• Histologically confirmed nTFHL classified by WHO-HAEM5, including nodal TFH cell lymphoma, angioimmunoblastic-type, nodal TFH cell lymphoma, follicular-type, Nodal TFH cell lymphoma, NOS

• Patients planning to receive autologous hematopoietic stem cell transplantation;

• No previous systemic treatment before enrollment.;

• There is at least one measurable lesion: the longest diameter (LDi) of the lymph node lesion is greater than 1.5 cm, or the LDi of one extra lymph node lesion is greater than 1 cm (according to the 2014 Lugano classification);

• Age range from 18 to 65 years old, regardless of gender;

• Eastern Cooperative Oncology Group (ECOG) Performance Status (PS)≤2;

• Expected survival time≥12 weeks;

• Adequate bone marrow and organ functions; For female participants of childbearing period, a negative urine or serum pregnancy test should be performed with 1 week prior to receiving first dose of investigational drug (day 1 of cycle 1). If a urine pregnancy test result cannot be confirmed as negative, a blood pregnancy test is required.WOCBP subjects and male subjects whose partners are WOCBP should agree to use effective contraception from the time of signing the ICF until 6 months after the last dose of study drug.
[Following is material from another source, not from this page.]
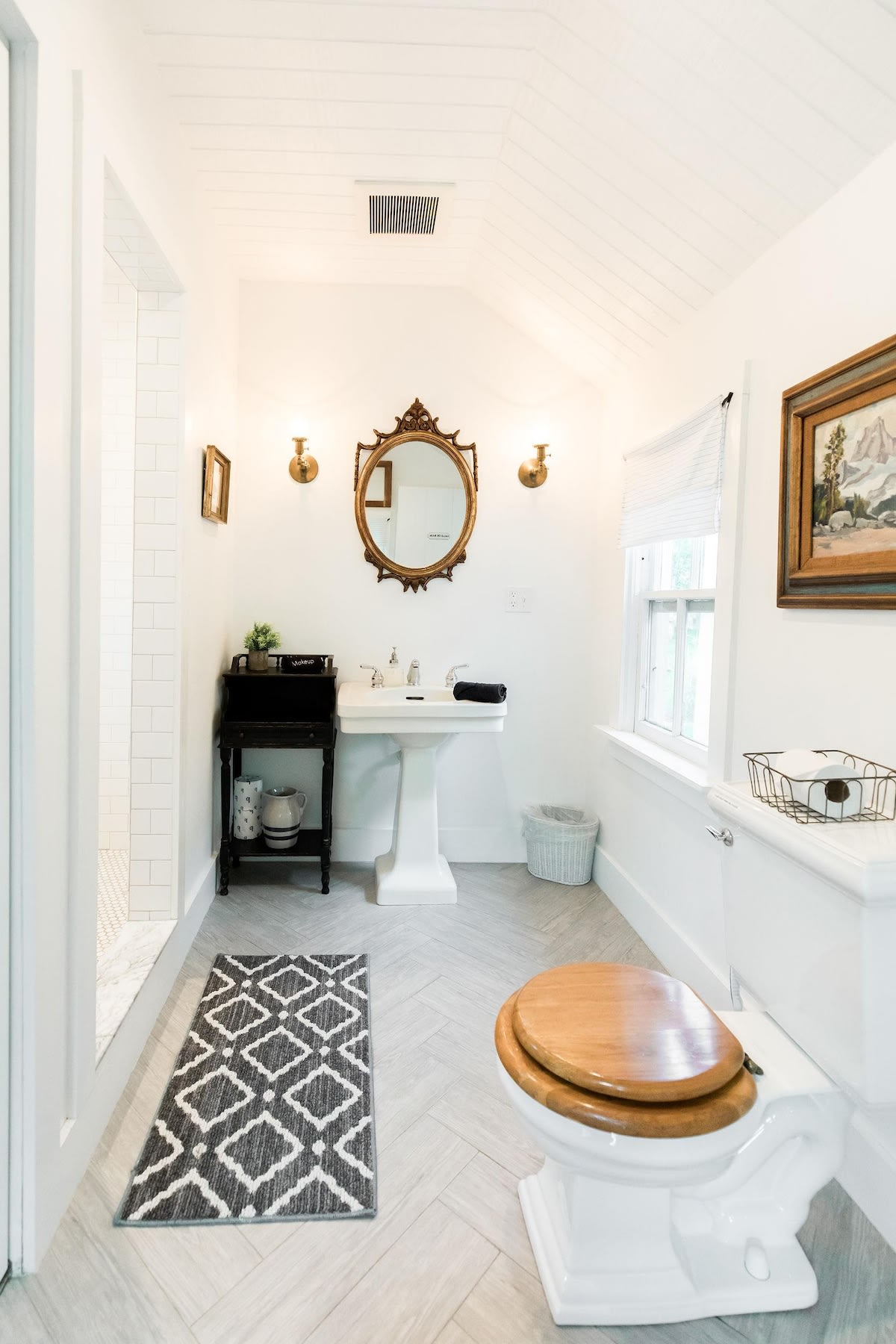 Full Bathroom 1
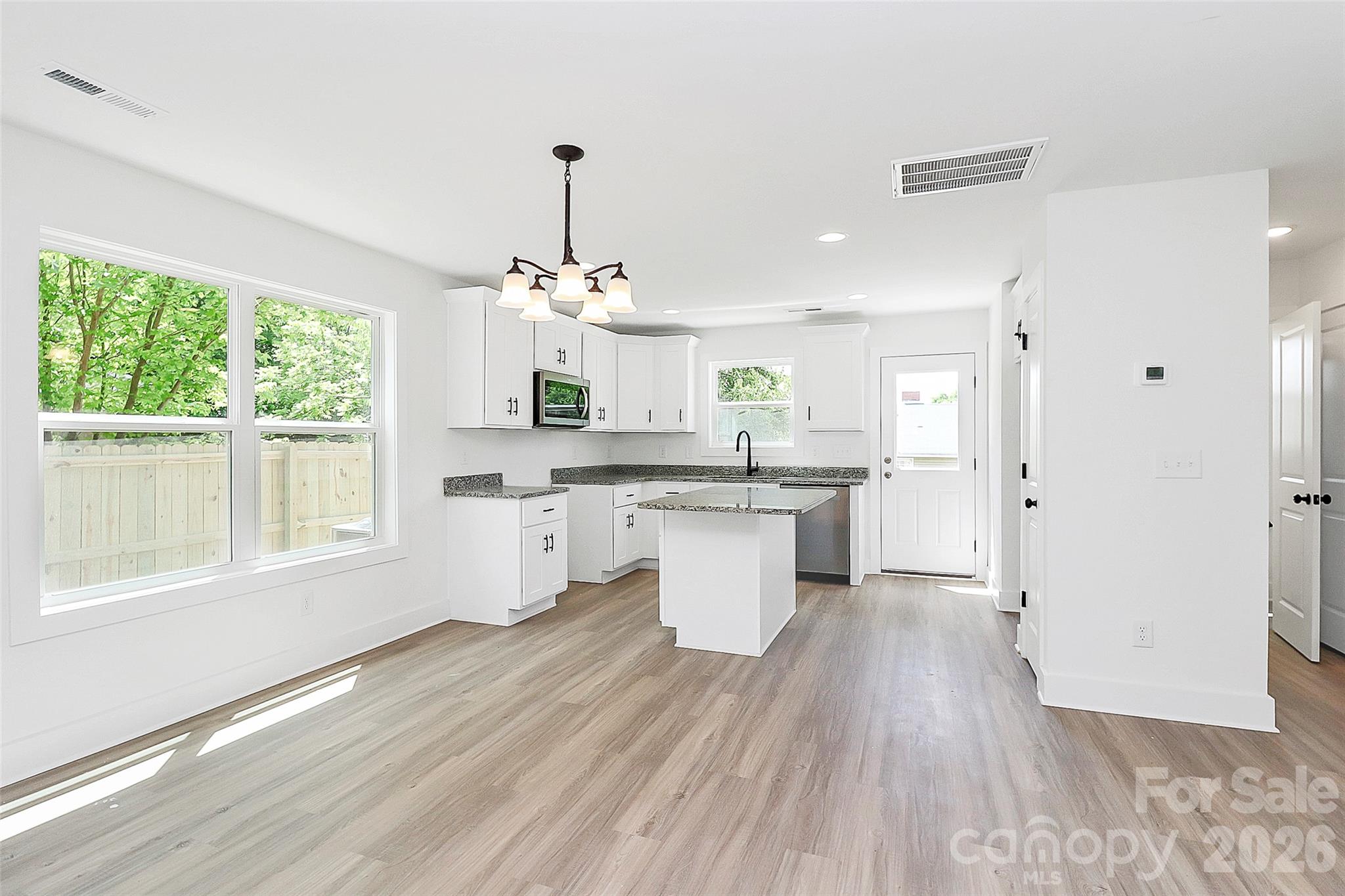 18 4th Avenue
• Adequate organ and bone marrow function without severe hematopoietic abnormalities and abnormal heart, lung, liver, kidney, thyroid function and immunodeficiencies (no blood transfusion, granulocyte colony-stimulating factor or other related medical support within 14 days prior to administration of study drug):

∙ Routine blood tests (not transfused, not on granulocyte colony-stimulating factor (G-CSF), not corrected with medication within 14 days prior to screening): hemoglobin (Hb) ≥ 90 g/L; neutrophils (ANC) ≥ 1.5 x 10 9/L; platelets (PLT) ≥ 100 x 109/L;

‣ Biochemical tests: TBIL \<1.5 × upper limit of normal range (ULN); glutamate alanine aminotransferase (ALT) and glutamate aspartate aminotransferase (AST) ≤2.5 × ULN; serum creatinine (Cr) ≤1.25 × ULN or endogenous creatinine clearance ≥60 mL/min (Cockcroft-Gault formula);

‣ Coagulation (unless the subject is receiving anticoagulant therapy and coagulation parameters (PT/INR and APTT) are within the expected range for treatment with anticoagulants at screening): international normalized ratio (INR) ≤ 1.5 x ULN; activated partial thromboplastin time (APTT) ≤ 1.5 x ULN.

⁃ Volunteer to participate in clinical research and sign an informed consent form, willing to follow and capable of completing all trial procedures.